American Heroes, Myth and Reality

By Marshall W. Fishwick | Go to book overview

CHAPTER 2
Columbia's Darlings

"As Americans, we have no half-fabulous, legendary wealth, no misty, cloud-enveloped background."--Ho- ratio Greenough

On a hot July 1952 afternoon, thousands of people crowded the streets of Chicago. The Republican National Convention was underway and presidential hopefuls were arriving. Word spread that Candidate Robert Taft was about to appear. His campaigners passed out song sheets which demonstrated the light in which American hero-makers want their subjects to appear. Included were "Battle Hymn of the Republic," "Onward Christian Soldiers," and "When the Roll is Called Up Yonder."
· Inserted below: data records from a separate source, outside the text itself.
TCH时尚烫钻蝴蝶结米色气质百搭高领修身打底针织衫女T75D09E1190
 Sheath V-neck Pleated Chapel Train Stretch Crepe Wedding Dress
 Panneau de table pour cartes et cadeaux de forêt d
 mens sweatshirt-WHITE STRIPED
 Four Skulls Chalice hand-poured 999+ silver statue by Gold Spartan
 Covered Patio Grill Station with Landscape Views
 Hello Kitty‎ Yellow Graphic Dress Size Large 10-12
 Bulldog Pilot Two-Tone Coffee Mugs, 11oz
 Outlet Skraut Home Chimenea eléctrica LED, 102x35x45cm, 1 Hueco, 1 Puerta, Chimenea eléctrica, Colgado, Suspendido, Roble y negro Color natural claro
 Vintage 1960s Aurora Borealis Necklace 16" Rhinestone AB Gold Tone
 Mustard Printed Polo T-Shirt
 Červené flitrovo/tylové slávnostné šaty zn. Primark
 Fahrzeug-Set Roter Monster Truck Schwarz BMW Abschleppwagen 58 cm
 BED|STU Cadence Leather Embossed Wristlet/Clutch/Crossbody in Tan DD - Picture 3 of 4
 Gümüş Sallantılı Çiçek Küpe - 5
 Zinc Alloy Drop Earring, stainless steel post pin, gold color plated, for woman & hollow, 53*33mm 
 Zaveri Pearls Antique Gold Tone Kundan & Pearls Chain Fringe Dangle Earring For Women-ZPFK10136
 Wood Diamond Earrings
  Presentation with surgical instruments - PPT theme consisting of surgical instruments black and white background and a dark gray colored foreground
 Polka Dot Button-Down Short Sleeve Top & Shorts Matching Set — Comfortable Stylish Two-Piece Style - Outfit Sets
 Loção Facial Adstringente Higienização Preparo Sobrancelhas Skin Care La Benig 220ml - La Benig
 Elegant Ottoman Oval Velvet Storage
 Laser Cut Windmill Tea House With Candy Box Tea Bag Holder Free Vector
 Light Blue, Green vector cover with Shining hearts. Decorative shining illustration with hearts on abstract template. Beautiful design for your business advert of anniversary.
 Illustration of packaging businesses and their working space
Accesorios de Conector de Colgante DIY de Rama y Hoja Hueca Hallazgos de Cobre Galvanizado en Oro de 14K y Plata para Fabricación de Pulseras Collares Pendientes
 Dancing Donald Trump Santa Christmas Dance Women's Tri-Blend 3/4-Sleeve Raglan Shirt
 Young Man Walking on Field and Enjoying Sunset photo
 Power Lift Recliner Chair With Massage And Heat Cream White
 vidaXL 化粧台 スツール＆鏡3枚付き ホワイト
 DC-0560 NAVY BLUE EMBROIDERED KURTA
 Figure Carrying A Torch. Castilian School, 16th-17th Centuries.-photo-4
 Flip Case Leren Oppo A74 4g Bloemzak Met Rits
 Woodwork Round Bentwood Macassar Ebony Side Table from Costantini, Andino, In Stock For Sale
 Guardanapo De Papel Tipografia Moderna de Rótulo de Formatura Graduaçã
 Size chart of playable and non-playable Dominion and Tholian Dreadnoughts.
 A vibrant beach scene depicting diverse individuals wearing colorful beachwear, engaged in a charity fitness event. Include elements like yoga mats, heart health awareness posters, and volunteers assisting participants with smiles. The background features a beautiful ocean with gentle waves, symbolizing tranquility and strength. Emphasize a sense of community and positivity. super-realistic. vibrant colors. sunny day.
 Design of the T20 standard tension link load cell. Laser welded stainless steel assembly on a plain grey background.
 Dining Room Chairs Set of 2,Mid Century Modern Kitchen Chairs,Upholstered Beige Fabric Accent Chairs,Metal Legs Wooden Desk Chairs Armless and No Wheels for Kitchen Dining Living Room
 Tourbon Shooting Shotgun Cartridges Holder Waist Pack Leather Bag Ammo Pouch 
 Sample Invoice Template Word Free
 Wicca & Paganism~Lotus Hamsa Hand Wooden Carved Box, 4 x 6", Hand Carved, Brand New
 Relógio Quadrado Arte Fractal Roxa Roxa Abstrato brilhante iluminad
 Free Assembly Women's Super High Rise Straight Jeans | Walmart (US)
Ovations for favorites have been heard frequently in America. Many are forgotten almost as soon as the acclamation is over. Like all countries, America has had its Cagliostros, who blaze momentarily and then fade. The happy tears shed for Admiral Dewey, who avenged the sinking of the battleship Maine, could have floated a ship of the line. Practical businessmen swooned when Jenny Lind hit high C. So did their wives when Buffalo Bill entered the ring on his white horse. Otherwise respectable ladies collected Rudolph Valentino's cigarette butts and hid them in their bosoms. A cordon of policemen had to stop women from taking his buttons as his body lay in state.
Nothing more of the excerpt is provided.